Member of the Tamil Nadu Legislative Assembly
- In office 16 May 2016 – 6 May 2026
- Preceded by: K. Balabharathi
- Succeeded by: I. P. Senthil Kumar
- Constituency: Dindigul

Member of Parliament, Lok Sabha
- In office 10 March 1998 – 16 May 2004
- Preceded by: N. S. V. Chitthan
- Succeeded by: N. S. V. Chitthan
- Constituency: Dindigul
- In office 29 November 1989 – 9 May 1996
- Preceded by: K. R. Natarajan
- Succeeded by: N. S. V. Chitthan
- Constituency: Dindigul

Treasurer of the All India Anna Dravida Munnetra Kazhagam
- Incumbent
- Assumed office 11 July 2022
- General Secretary: Edappadi K. Palaniswami
- Preceded by: O. Panneerselvam
- In office 14 February 2017 – 21 August 2017
- Preceded by: O. Panneerselvam
- Succeeded by: O. Panneerselvam
- In office 31 March 2000 – 20 July 2006
- General Secretary: J. Jayalalithaa
- Preceded by: Sedapatti Muthiah
- Succeeded by: T. T. V. Dhinakaran

Organizing Secretary of AIADMK
- In office 2020–2022

Personal details
- Born: 1 April 1948 (age 78) Usilampatti, Madras Province, India
- Party: AIADMK
- Spouses: S. Kannathal ​(m. 1974)​^{[citation needed]}; S. Nageswari ​(m. 1979)​^{[citation needed]};
- Education: M.A (Political science), MBA^{[citation needed]}^{[clarification needed]}
- Occupation: Politician

= Dindigul C. Sreenivasan =

Indian politician (born 1948)

Dindigul C. Sreenivasan (born 1 April 1948) is an Indian politician and former four term Member of Parliament of India elected from Tamil Nadu. He served as Member of Legislative Assembly for Dindigul from 2016 to 2026. He is the treasurer of the All India Anna Dravida Munnetra Kazhagam (AIADMK) since 11 July 2022. He is one of senior most members of the party AIADMK. He served as Minister for Forests for Tamil Nadu from 2016 to 2021.
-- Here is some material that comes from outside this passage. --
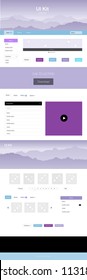 Light Pink, Blue vector ui ux kit with hills and rocks. Colorful Style guide with mountains on abstract background. Template for website of outdoor activities.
He was elected to the Lok Sabha from Dindigul constituency as an AIADMK candidate in the Indian general elections of 1989, 1991, 1998 and 1999 in Tamil Nadu.

Elected in Legislative Assembly Election 2016 and 2021 in Dindigul Assembly constituency for consecutive 2 terms, he belongs to Piramalai Kallar community.

Jayalalithaa appointed Sreenivasan as Minister for Forests in May 2016. This was his first cabinet post in the Government of Tamil Nadu.

On 11 July 2022, C. Sreenivasan was made treasurer of All India Anna Dravida Munnetra Kazhagam.